* **Source material**

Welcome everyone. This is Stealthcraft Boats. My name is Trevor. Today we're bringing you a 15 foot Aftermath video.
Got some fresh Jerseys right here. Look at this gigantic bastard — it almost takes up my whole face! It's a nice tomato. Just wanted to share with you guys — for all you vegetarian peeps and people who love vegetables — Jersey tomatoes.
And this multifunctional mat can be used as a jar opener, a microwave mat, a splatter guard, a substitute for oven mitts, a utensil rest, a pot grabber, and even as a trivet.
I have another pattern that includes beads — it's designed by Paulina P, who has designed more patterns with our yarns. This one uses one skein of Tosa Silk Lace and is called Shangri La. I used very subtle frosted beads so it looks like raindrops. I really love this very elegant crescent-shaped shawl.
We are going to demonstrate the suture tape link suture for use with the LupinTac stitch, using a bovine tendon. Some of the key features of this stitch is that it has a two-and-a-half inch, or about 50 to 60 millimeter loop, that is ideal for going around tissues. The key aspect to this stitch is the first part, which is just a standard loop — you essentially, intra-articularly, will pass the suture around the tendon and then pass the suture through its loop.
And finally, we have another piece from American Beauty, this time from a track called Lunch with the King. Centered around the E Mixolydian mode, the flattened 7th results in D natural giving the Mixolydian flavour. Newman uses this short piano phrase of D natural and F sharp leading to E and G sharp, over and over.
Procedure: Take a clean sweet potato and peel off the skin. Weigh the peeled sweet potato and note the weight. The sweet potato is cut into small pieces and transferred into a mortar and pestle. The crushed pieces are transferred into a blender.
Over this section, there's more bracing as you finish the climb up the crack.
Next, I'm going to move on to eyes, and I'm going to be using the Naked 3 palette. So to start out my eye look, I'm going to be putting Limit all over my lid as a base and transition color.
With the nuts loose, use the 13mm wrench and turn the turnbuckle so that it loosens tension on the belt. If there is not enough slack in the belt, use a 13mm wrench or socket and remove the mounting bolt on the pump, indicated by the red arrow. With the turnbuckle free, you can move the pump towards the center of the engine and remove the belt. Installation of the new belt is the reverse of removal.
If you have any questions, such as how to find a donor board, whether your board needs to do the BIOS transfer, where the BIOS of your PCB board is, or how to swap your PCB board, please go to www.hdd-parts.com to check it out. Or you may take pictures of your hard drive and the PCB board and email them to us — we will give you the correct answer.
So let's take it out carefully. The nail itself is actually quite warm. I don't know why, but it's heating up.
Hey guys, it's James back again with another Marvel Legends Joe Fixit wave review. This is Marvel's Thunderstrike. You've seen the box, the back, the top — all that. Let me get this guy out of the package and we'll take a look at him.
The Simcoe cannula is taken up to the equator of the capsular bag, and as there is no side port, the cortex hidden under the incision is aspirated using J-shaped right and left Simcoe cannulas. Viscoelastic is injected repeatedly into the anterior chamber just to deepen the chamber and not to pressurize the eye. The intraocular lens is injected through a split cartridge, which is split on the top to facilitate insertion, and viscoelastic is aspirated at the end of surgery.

* **About this task**
The whole of the data is to be returned with every line intact.

* **Written response**
Welcome everyone. This is Stealthcraft Boats. My name is Trevor. Today we're bringing you a 15 foot Aftermath video.
Got some fresh Jerseys right here. Look at this gigantic bastard — it almost takes up my whole face! It's a nice tomato. Just wanted to share with you guys — for all you vegetarian peeps and people who love vegetables — Jersey tomatoes.
And this multifunctional mat can be used as a jar opener, a microwave mat, a splatter guard, a substitute for oven mitts, a utensil rest, a pot grabber, and even as a trivet.
I have another pattern that includes beads — it's designed by Paulina P, who has designed more patterns with our yarns. This one uses one skein of Tosa Silk Lace and is called Shangri La. I used very subtle frosted beads so it looks like raindrops. I really love this very elegant crescent-shaped shawl.
We are going to demonstrate the suture tape link suture for use with the LupinTac stitch, using a bovine tendon. Some of the key features of this stitch is that it has a two-and-a-half inch, or about 50 to 60 millimeter loop, that is ideal for going around tissues. The key aspect to this stitch is the first part, which is just a standard loop — you essentially, intra-articularly, will pass the suture around the tendon and then pass the suture through its loop.
And finally, we have another piece from American Beauty, this time from a track called Lunch with the King. Centered around the E Mixolydian mode, the flattened 7th results in D natural giving the Mixolydian flavour. Newman uses this short piano phrase of D natural and F sharp leading to E and G sharp, over and over.
Procedure: Take a clean sweet potato and peel off the skin. Weigh the peeled sweet potato and note the weight. The sweet potato is cut into small pieces and transferred into a mortar and pestle. The crushed pieces are transferred into a blender.
Over this section, there's more bracing as you finish the climb up the crack.
Next, I'm going to move on to eyes, and I'm going to be using the Naked 3 palette. So to start out my eye look, I'm going to be putting Limit all over my lid as a base and transition color.
With the nuts loose, use the 13mm wrench and turn the turnbuckle so that it loosens tension on the belt. If there is not enough slack in the belt, use a 13mm wrench or socket and remove the mounting bolt on the pump, indicated by the red arrow. With the turnbuckle free, you can move the pump towards the center of the engine and remove the belt. Installation of the new belt is the reverse of removal.
If you have any questions, such as how to find a donor board, whether your board needs to do the BIOS transfer, where the BIOS of your PCB board is, or how to swap your PCB board, please go to www.hdd-parts.com to check it out. Or you may take pictures of your hard drive and the PCB board and email them to us — we will give you the correct answer.
So let's take it out carefully. The nail itself is actually quite warm. I don't know why, but it's heating up.
Hey guys, it's James back again with another Marvel Legends Joe Fixit wave review. This is Marvel's Thunderstrike. You've seen the box, the back, the top — all that. Let me get this guy out of the package and we'll take a look at him.
The Simcoe cannula is taken up to the equator of the capsular bag, and as there is no side port, the cortex hidden under the incision is aspirated using J-shaped right and left Simcoe cannulas. Viscoelastic is injected repeatedly into the anterior chamber just to deepen the chamber and not to pressurize the eye. The intraocular lens is injected through a split cartridge, which is split on the top to facilitate insertion, and viscoelastic is aspirated at the end of surgery.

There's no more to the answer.